What the task asks → Pictures do not belong in the copy; quote every entry below exactly.

Scraped caption text data →
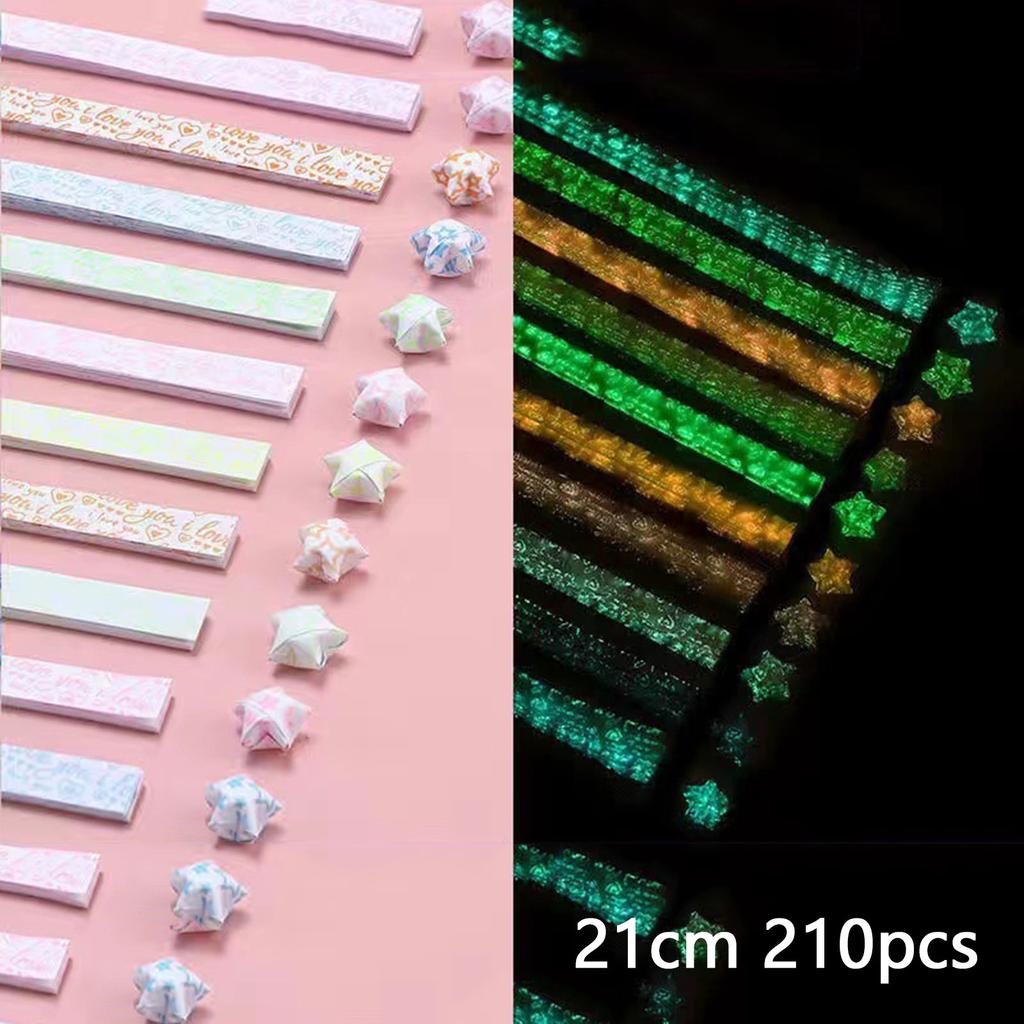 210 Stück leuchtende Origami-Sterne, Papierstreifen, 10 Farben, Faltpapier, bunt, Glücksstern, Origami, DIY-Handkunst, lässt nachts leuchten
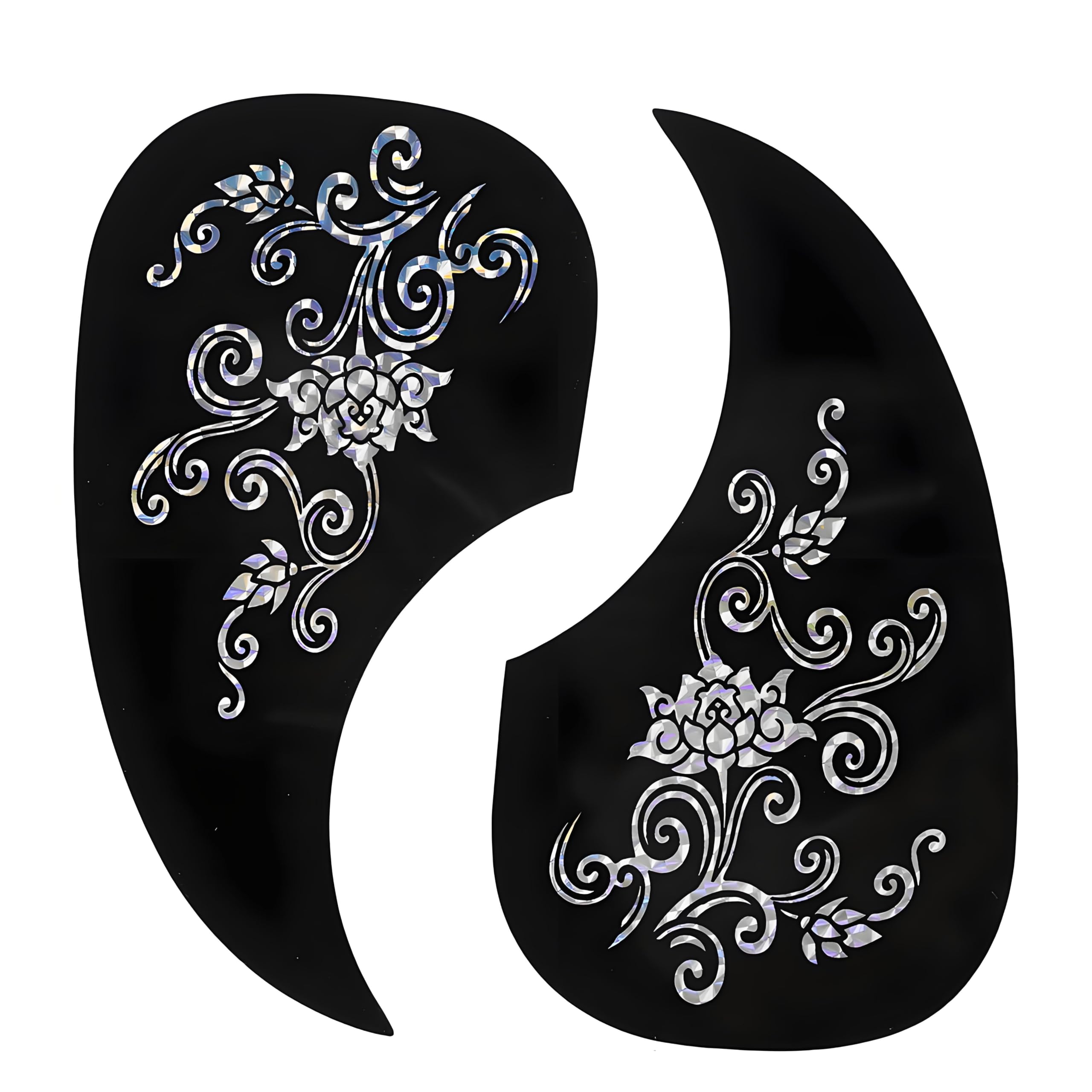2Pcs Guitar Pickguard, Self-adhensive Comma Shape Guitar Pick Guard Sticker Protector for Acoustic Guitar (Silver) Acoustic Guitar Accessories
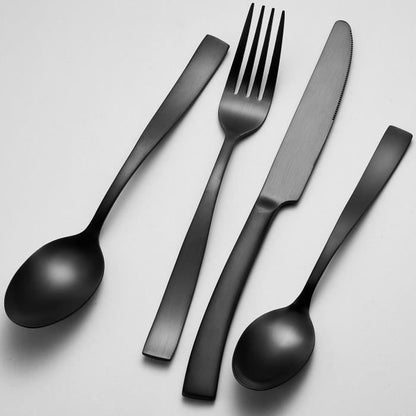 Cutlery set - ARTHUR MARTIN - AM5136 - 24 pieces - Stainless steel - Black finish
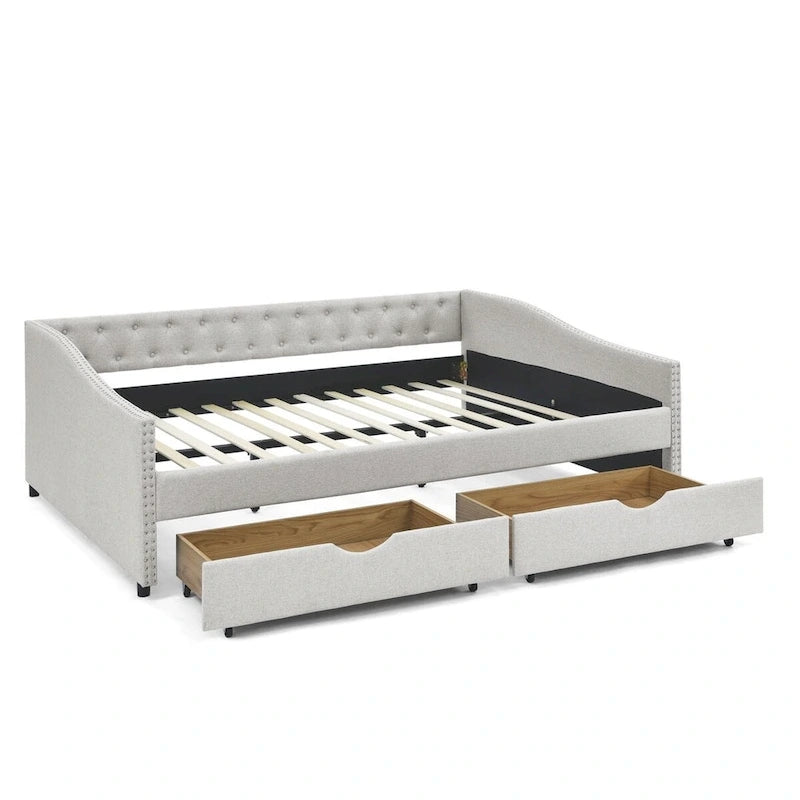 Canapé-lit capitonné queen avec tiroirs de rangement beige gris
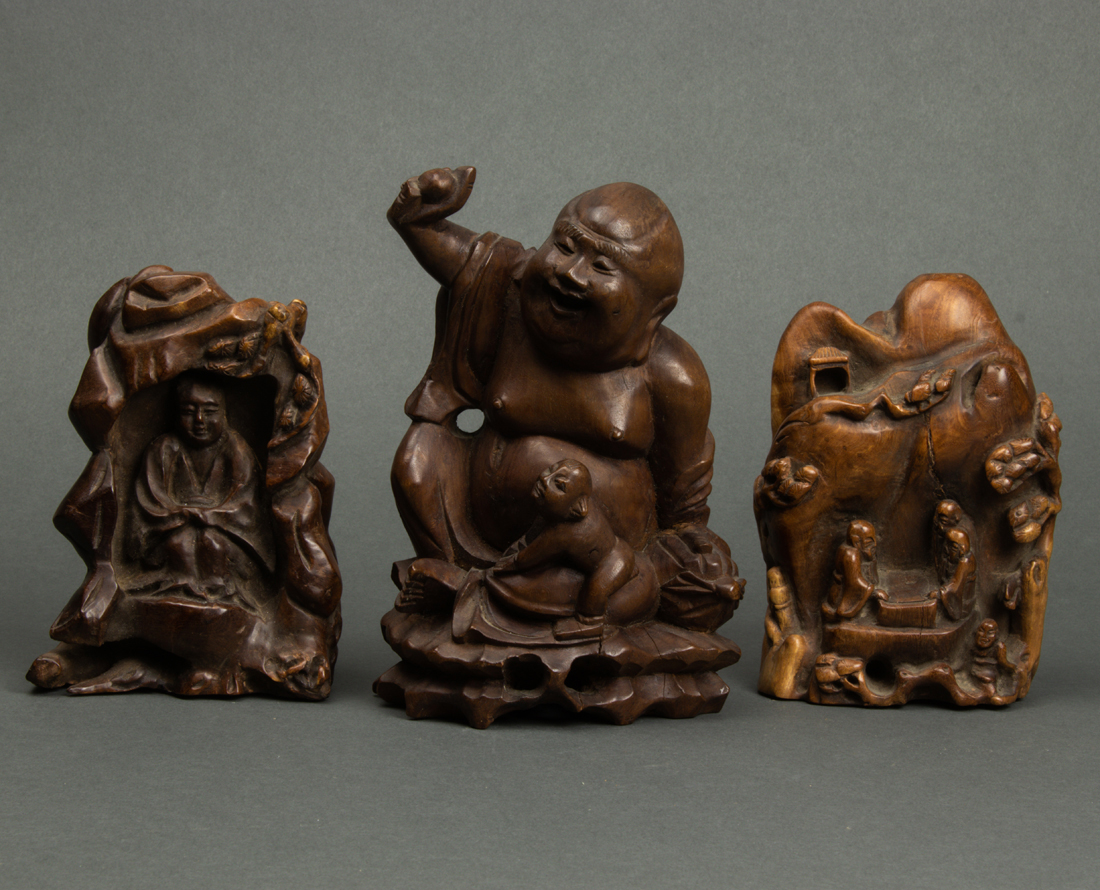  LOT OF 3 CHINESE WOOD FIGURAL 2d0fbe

Response to this task →
 210 Stück leuchtende Origami-Sterne, Papierstreifen, 10 Farben, Faltpapier, bunt, Glücksstern, Origami, DIY-Handkunst, lässt nachts leuchten
2Pcs Guitar Pickguard, Self-adhensive Comma Shape Guitar Pick Guard Sticker Protector for Acoustic Guitar (Silver) Acoustic Guitar Accessories
 Cutlery set - ARTHUR MARTIN - AM5136 - 24 pieces - Stainless steel - Black finish
 Canapé-lit capitonné queen avec tiroirs de rangement beige gris
  LOT OF 3 CHINESE WOOD FIGURAL 2d0fbe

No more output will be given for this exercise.